## What this task involves
Transcribe all the material exactly. Leave every line as it is.

## Dataset content
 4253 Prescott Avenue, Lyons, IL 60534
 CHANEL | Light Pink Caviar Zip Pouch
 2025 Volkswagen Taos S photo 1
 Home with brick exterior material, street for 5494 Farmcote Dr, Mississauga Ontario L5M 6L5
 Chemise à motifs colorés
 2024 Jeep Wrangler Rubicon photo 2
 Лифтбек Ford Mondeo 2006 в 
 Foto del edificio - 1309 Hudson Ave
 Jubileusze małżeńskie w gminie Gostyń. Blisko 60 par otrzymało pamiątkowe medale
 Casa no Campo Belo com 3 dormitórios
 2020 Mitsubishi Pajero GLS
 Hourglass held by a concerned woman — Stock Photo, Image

## Result of this exercise
 4253 Prescott Avenue, Lyons, IL 60534
 CHANEL | Light Pink Caviar Zip Pouch
 2025 Volkswagen Taos S photo 1
 Home with brick exterior material, street for 5494 Farmcote Dr, Mississauga Ontario L5M 6L5
 Chemise à motifs colorés
 2024 Jeep Wrangler Rubicon photo 2
 Лифтбек Ford Mondeo 2006 в 
 Foto del edificio - 1309 Hudson Ave
 Jubileusze małżeńskie w gminie Gostyń. Blisko 60 par otrzymało pamiątkowe medale
 Casa no Campo Belo com 3 dormitórios
 2020 Mitsubishi Pajero GLS
 Hourglass held by a concerned woman — Stock Photo, Image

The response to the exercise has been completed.